All of which raise numerous questions : what exactly is "the Church"? What is "religion"? What is worship, and what is its connection to the Church? Is the Church a thing that preaches or a thing that worships?

Which preamble leads me to discuss today's important terms. Because I am a reader who thinks in English, studying a culture that thought and wrote in French, I run up against certain issues of translation: the French use the word eglise (from Latin ecclesia, from Greek ἐκκλησία, = assembly) for both the church building and for the universal Church (l'Eglise catholique) and for local churches* ( l'eglise d'Alexandrie ). They also used temple for the buildings, and they use culte where we would use "religion" or "denomination." Temple is funny, because we never use that, so it contains connotations of pre-Christian Jewish sacrificial worship or of pagan religion. One can get over the false cognate of "cult" quickly enough, and remember Latin cultus as worship or a particular form of worship, as for the specific prayers and rites used for a certain god, patron saint, or festival ("the cult of x").
* Another difficult term -- remember that exchange between Kasper and Ratzinger on the relationship between local churches and the universal church?

So what does "church" connect to? Interestingly enough, I learn from the Oxford English Dictionary that church, though it comes to us from Germanic languages, reached them from Greek-speaking Christian groups. The Christians used the term "the house of the Lord," κυριακὸν δῶμα, which got shortened to just κυριακόν. ("We're going to the Lord's [house] this Sunday"). This word kyriakon spread among German-speaking groups and gradually became something like "kirk" (still this way in Scotland). As with lots of Germanic words (cattle, carta, castle, frank) the hard "c" softened into our "ch" sound (chattel, chart/er, chateau, french/franchise), leaving us with "church." As the dictionary stateth:
According to most modern views, the word was probably borrowed early into West Germanic from the ecclesiastical usage of the Christian communities of the colonial cities of the Rhine area.

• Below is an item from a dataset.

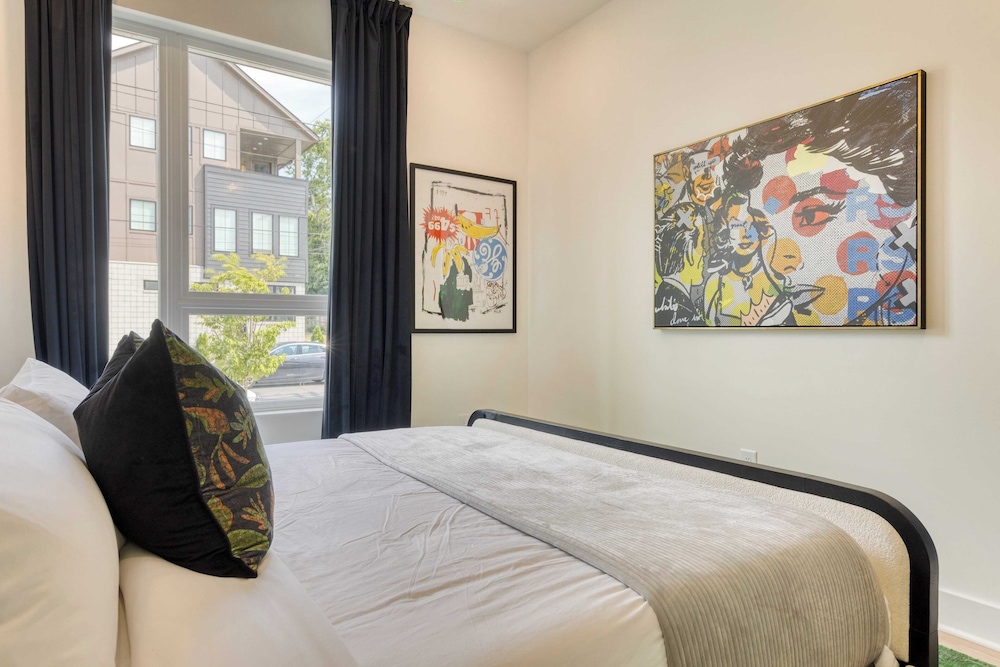 Colorful 4BR w/ Artful Design, Dining & Easy Access to Broadway The Bloom House by Avantstay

The Greek noun is well attested in eastern sources during the early 4th cent., and was probably current also in the use of the early Christian church in the Rhine area, where Greek models were influential. As a word for a very basic part of the material culture of the Christian faith it was probably well known even to pagan Germanic peoples bordering the imperial frontiers, and to those encountering Christian peoples in both the Roman and post-Roman periods.
...  
In each of the West Germanic languages the word probably originally denoted a church as physical building (as in Greek), but was early extended to denote also the church as an institution and as a body of worshippers, probably after the range of meanings of post-classical Latin ecclesia and its etymon ancient Greek ἐκκλησία (as used in Hellenistic Greek). Application to the holy buildings of other faiths is also found in various other early Germanic languages. 

So church did really derive from the building, although for Christians holding the doctrine of Sts. Peter and Paul, the building is also the body whose head is Christ, while other parts of the (non-Semitic speaking) Christian world spoke of the Assembly or the whole body of those called together.

Doesn't necessarily solve all my issues with l'Eglise constitutionnelle in revolutionary France, but it is fascinating, so I share.